“You really do like her, don’t you?” Jenna prods me in the arm.
“Yes. God, I really do.”
Jenna smirks, making me mock glare at her, but then she says something else that provokes an entirely different reaction.
“She likes you back, by the way. Everyone can see it.”
Jenna’s words water the hope that’s been blooming inside me for a while now.
She likes me back.
We don’t talk about anything else serious for the rest of the evening, but when Jenna falls asleep, drooling a bit on my arm, I use my other hand to pick up my phone.
Ace-spectrum identities, I type into the search bar, casting my eyes over all the millions of results that pop up.
I read about how some asexual people are completely sex-repulsed and don’t want to have sex with anyone ever – like Jenna, I guess.
But then, a few scrolls down, I come across another word.
Demisexual. A person who only feels sexual attraction towards someone after they’ve first formed an intense emotional connection.
People talk about their heart skipping a beat but,
when I read that definition, it feels as though my entire body lurches both back and forward in time. It makes sense. And not only that, it makes alotof experiences I’ve had in my life make sense. My lack of crushes on anyone that I don’t know, my intense first crush on Anya in primary school after we became best friends, my confusion at the concept of one-night stands or at Lord Byron’s whole existence.
It also explains how I think I’m starting to feel some things towards Saffron now, after we’ve spent so much time together, after I’ve seen so many aspects of her person and loved each one. The more I see, the more I’ve been getting thoughts about physical things. About her body, about my body in her eyes. I’m not ready to do anything other thanthink(and maybe write some vaguely sexually charged poetry), but maybe one day… Maybe if she ever lets me see her without putting up a filter first.
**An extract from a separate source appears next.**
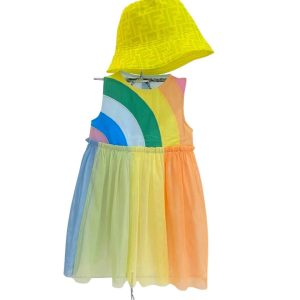 Stella McCartney – Abito bimba – Multicolor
Maybe.I clasp the word to my chest as I drift towards sleep too, along with all the other words I’ve been given today and decided belong to me.
Chapter Thirty-one
Saffron
I’m walking back from the bus stop after my last lecture of term before the Christmas break. My breath’s condensing in front of me – it’s only half four but it’s pitch-black – and there’s a chill creeping into my bones.
In a way, the pressure is off. Uni is done for nearly a month now. I should be feeling relieved. But I still have my meeting with my tutor about my ‘attendance’ tomorrow, and then at the end of the week I’m going back home for Christmas. Or, at least, I’m going back to my parents. When I think about ‘home’, I certainly don’t picture my parents’ clinical kitchen, everything made of glass and right angles. Or even my room upstairs.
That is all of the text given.